I have a homework question that goes as follows.
Let $V = \{(x, y, z) : x^2 + y^2 \leq 4 \text{ and } 0 \leq z \leq 4\}$ be a cylinder and let $P$ be the plane through $(4,0,2), (0,4,2)$, and $(-4,-4,4)$. Compute the volume of $C$ below the plane $P$.
So I have these points and I set up my $a(x-x_0) + b(y-y_0) + c(z-z_0) = 0$ where $(x_0, y_0, z_0)$ is a point in the plane and $\langle a,b,c\rangle$ is perpendicular.
I then got two vectors that go between two points, namely: $PQ = <(0-4, (4-0), (2,-2)> = <-4, 4, 0>$ and $PR = <(-4-4), (-4-0), (4,-2)> = <-8,-4,2>$.
I then get the cross product of them to get $<8,8,48>$ which is the coefficient in my equation of the plane:
$$8(x-4) + 8(y-0) + 48(z-2)=0$$ I think that this is the equation of my plane. Is it?
Where do I go from here? I have a feeling I'm supposed to make a triple integral with the function being $8(x-4) + 8(y-0) + 48(z-2)=0$ and my limits being something to do with the cylinder but I am not sure about it at all. I think my $z$ limits are $0$ to $4$. Is that right?
Thanks a lot.
First of all, you made a mistake in your second vector when computing the direction of the plane:
$$PR=(-8,-4,2)$$
and your cross product doesn't look correct even with your vector $PR$.
Now the volume can be set up like this:
$$\iint_S z dxdy$$
where $S$ is the projection of the volume to the $xy$ plane and $z$ is the upper limit of $z$ which is the plane represented by $z$.

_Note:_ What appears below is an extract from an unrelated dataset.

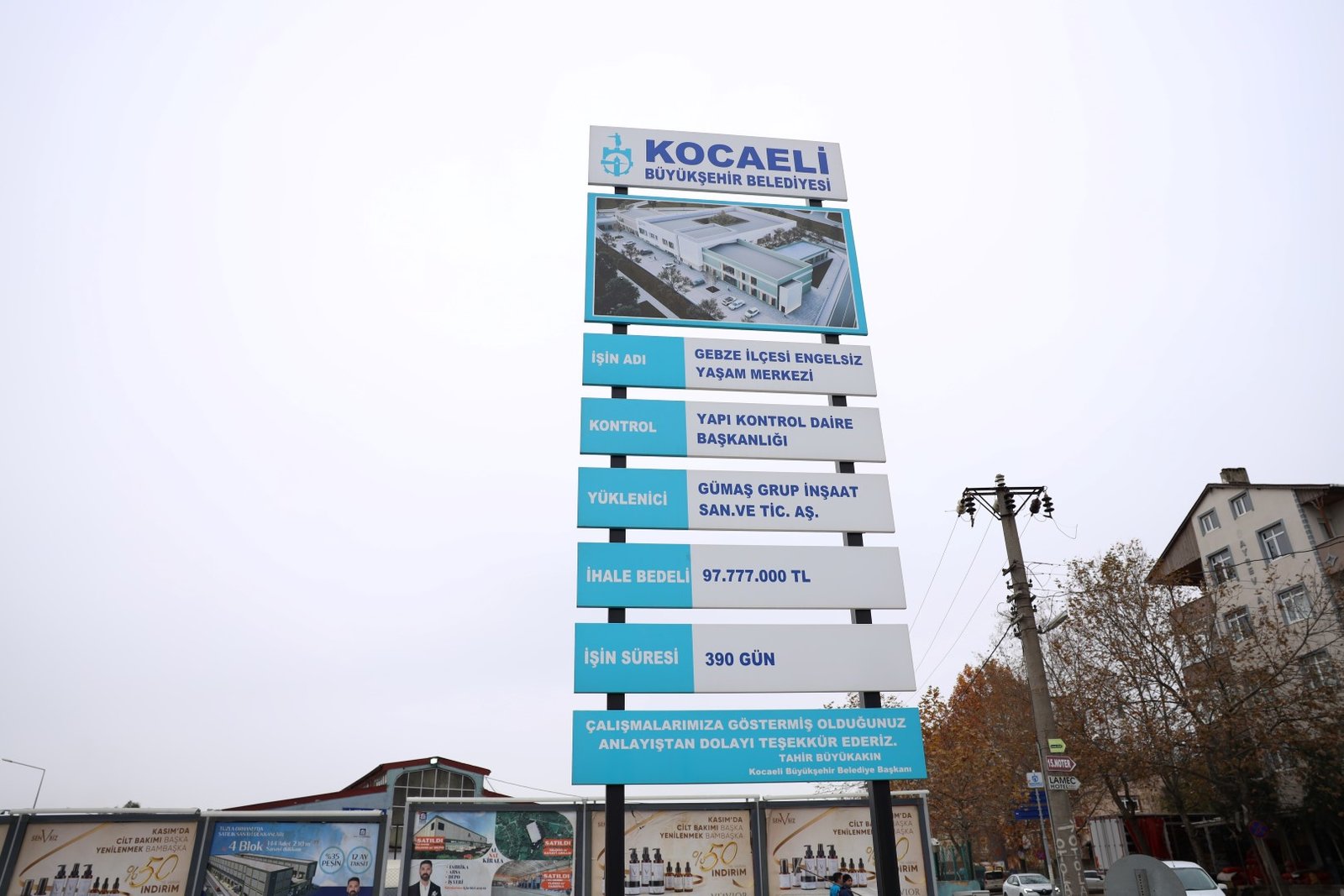 Gebze Engelsiz Yasam Merkezinde cati imalati 2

In fact, you will need to check whether the plane is below $z=4$ in the confined region. After some trick you will see the plane is really below $z=4$. That's why the $z=4$ would not be in your integral any more.
The triple integral is
$$\int\int\int_0^z dzdxdy $$
where $z$ is exactly the plane. That is why I wrote the double integral.